Continuous data are presented as median (interquartile range), and categorical data as counts (percentages). The agreement between diagnostic test results was evaluated by Passing-Bablok regression and Spearman’s rank correlation. Unless otherwise mentioned, differences between groups or time points are assessed by repeated measurement ANOVAs with Bonferroni-corrected post-hoc t-tests. Degrees of Freedom of repeated measurement ANOVAs were adjusted according to Greenhouse-Geisser. p-Values <0.01 were considered statistically significant. All calculations were performed using MedCalc v20 (MedCalc bvba, Ostend, Belgium) or Analyse-it v5.66 (Analyse-it Software, Leeds, UK).

Results

Short-term storage effects on the detection of anti-nucleocapsid antibodies

One hundred 11 serum samples from individuals with confirmed SARS-CoV-2 infection and SARS-COV-2 vaccination were analyzed for anti-NC antibody levels before and after storage for a median of 84 (58–98) days at <−70 °C. Subsequently, samples were kept at 2–10 °C for 14 days before finally being analyzed again. Anti-NC antibodies were compared between time points by ANOVA for repeated measurements (F=3.94, df1=1.09, df2=119.91, p=0.046).

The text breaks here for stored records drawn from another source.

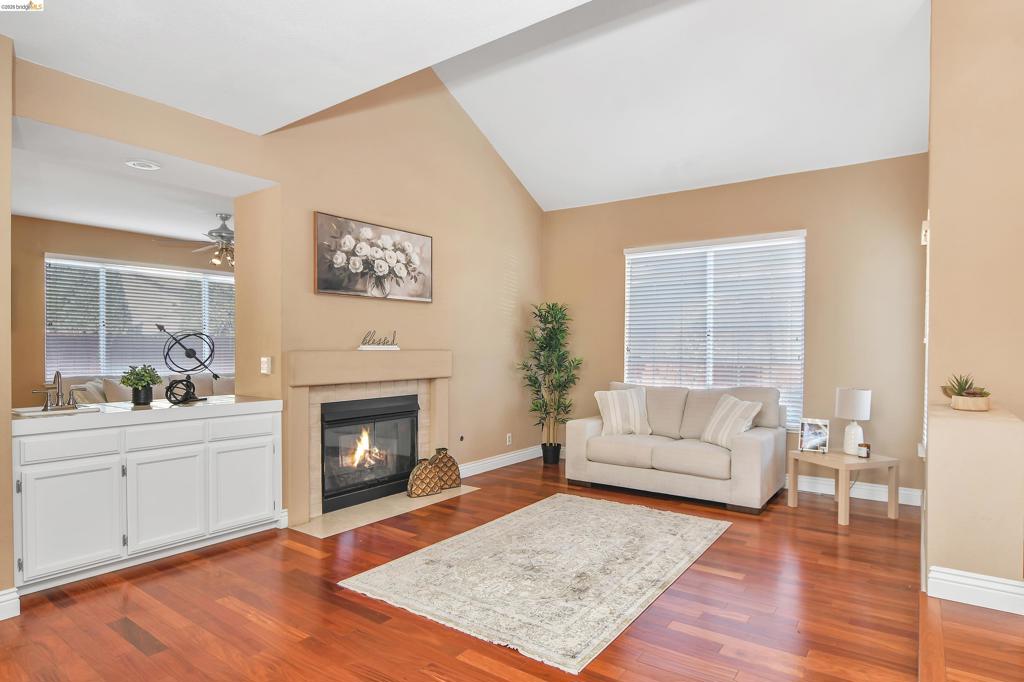 2454 San Simeon Ct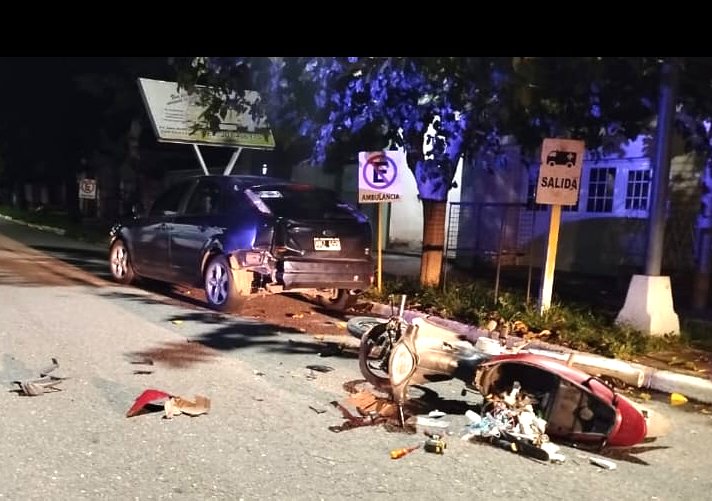 San Guillermo: Murió un motociclista al chocar con un auto estacionado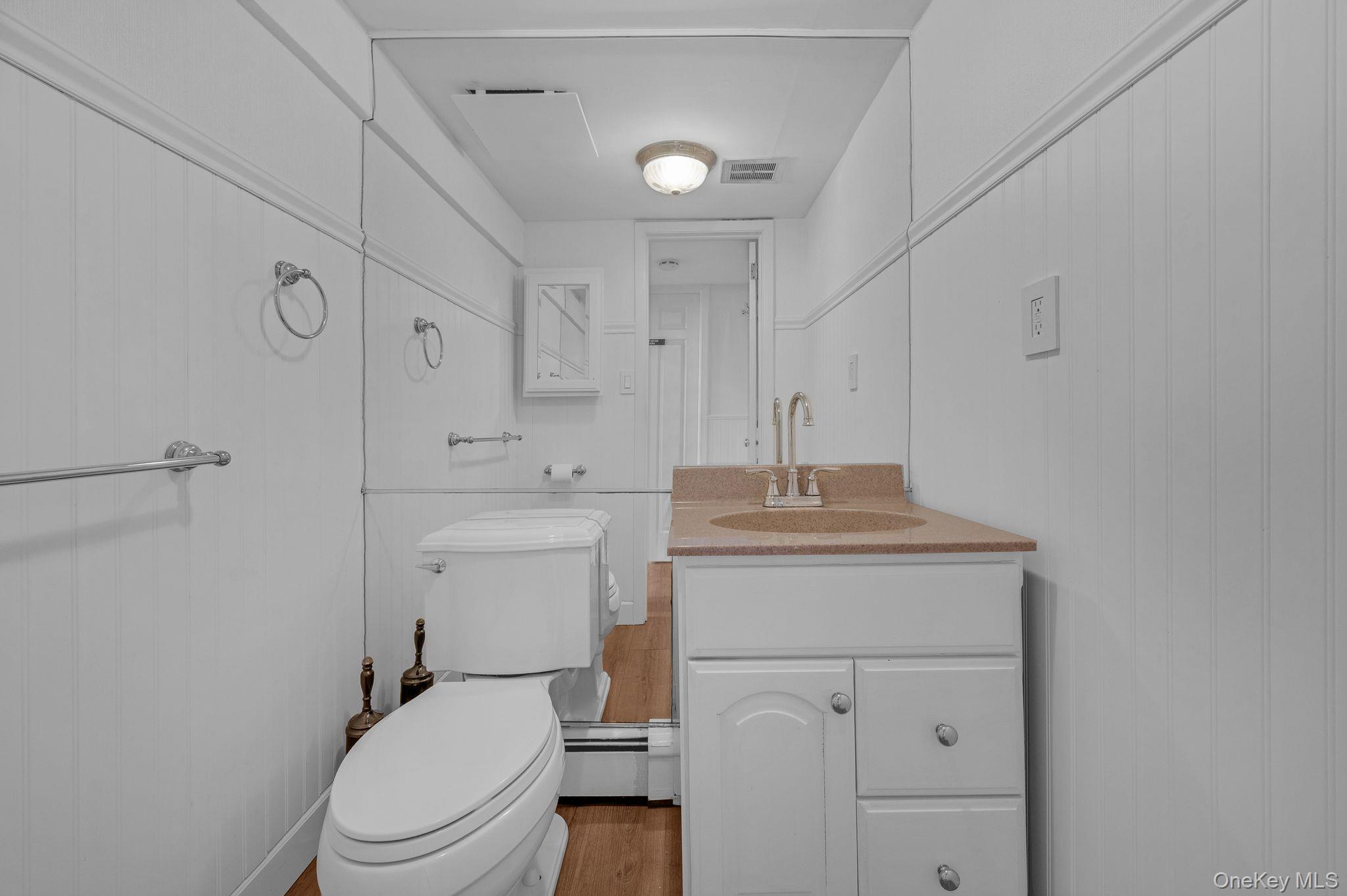 3 Glen Way, Cold Spring Harbor, NY 11724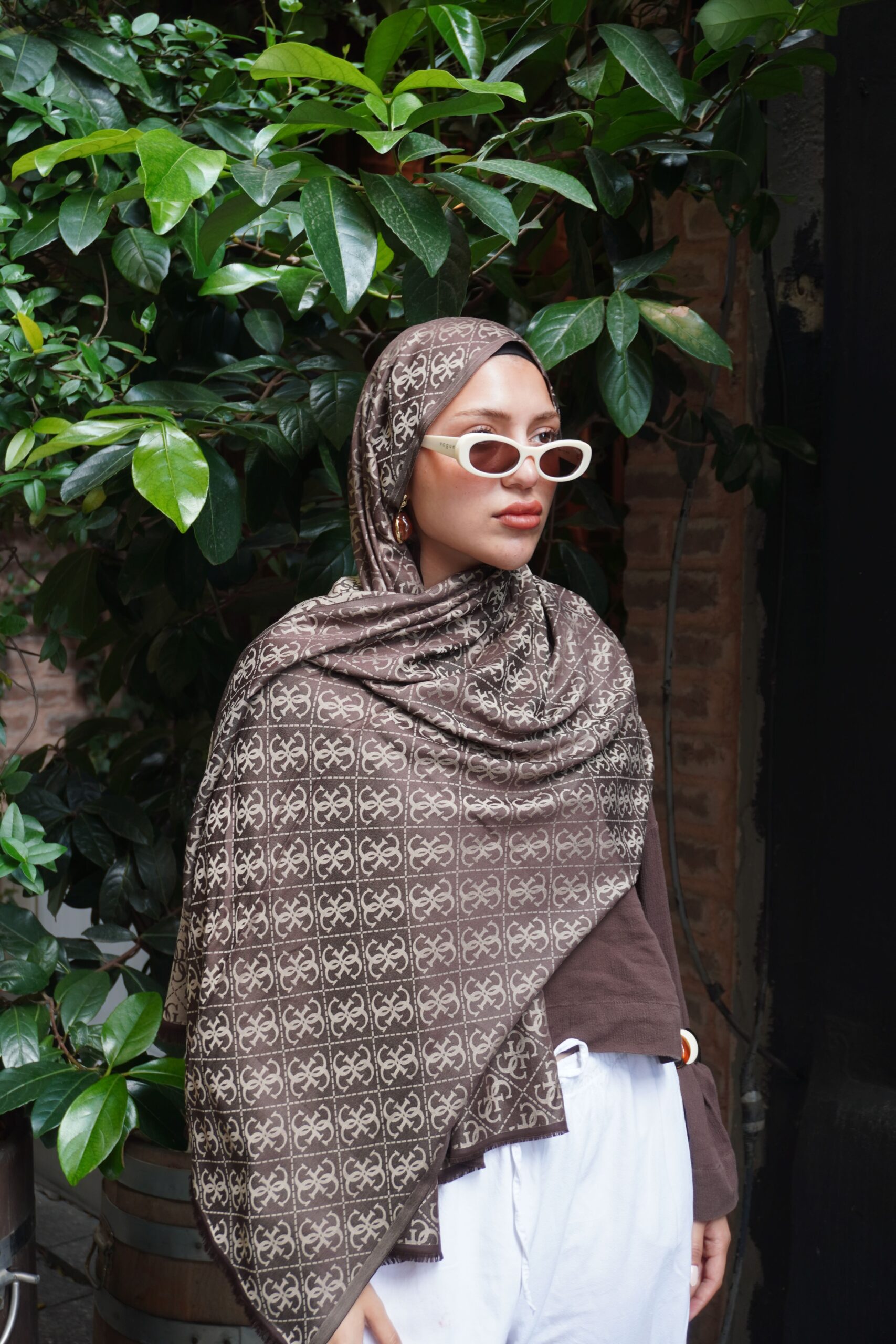 Guess Desen Kendinden Dokulu Desenli İtalyan Şal-10011-Kahve - Görsel 2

After ∼3 months at <−70 °C, anti-NC antibody levels decreased slightly but not statistically significantly from 37.2 ± 5.5 COI to 34.7 ± 4.6 COI (−2.4 ± 1.2 COI, p=0.119). After another two weeks at 2–10 °C, values returned to baseline (37.3 ± 4.1, pvs baseline≥0.999, pvs −70 °C<0.0001). All deviations were within the limits set by the RCV (reference change value) which would explain a variability of 9.4% or ±3.5 COI due to analytical uncertainty. The corresponding Passing-Bablok regressions and Bland-Altmann Plots are shown in Figure 2A, B.

Figure 2: 
Passing-Bablok regression lines (left) and Bland-Altman plots (right) of anti-NC antibodies after short-term storage at <−70 °C (A) and 2–10 °C (B), as well as after long-term storage at <−70 °C. NC, nucleocapsid; COI, cut-off index.
Figure 2:

Passing-Bablok regression lines (left) and Bland-Altman plots (right) of anti-NC antibodies after short-term storage at <−70 °C (A) and 2–10 °C (B), as well as after long-term storage at <−70 °C. NC, nucleocapsid; COI, cut-off index.

To verify whether the observed pattern was related to preanalytical changes, we additionally measured antibodies against the spike protein. An opposite pattern was seen for anti-spike antibodies (F=6.41, df1=1.13, df2=124.29, p=0.010). The levels increased after storage from initially 6,273.0 ± 673.7 U/mL to 6,902.5 ± 695.3 U/mL (+629.5 ± 64.6, p<0.0001), after another 14 days at 2–10 °C values returned to 6,478.7 ± 681.4 (−423.8 ± 207.3, p=0.130). The difference after storage at <−70 °C exceeded the RCV (8.4%, ±524.1 U/mL) before regression to the mean was again seen after subsequent storage at 2–10 °C.

Long-term storage effects on anti-nucleocapsid antibodies

Two hundred eight samples from Biobank Graz and 49 samples from MedUni Wien Biobank (total n=257) were analyzed before and after storage for a median of 443 (409–468) days at <−70 °C. Median COI levels rose by ∼20% from 18.4 (5.1–79.8) COI to 24.2 (5.6–97.7) COI (p<0.0001), which exceeded the maximum RCV of 9.4%. Passing-Bablok regression revealed a significant proportional systematic error, as post-storage measurements appeared to be 1.19 times higher than pre-storage values (Figure 2C).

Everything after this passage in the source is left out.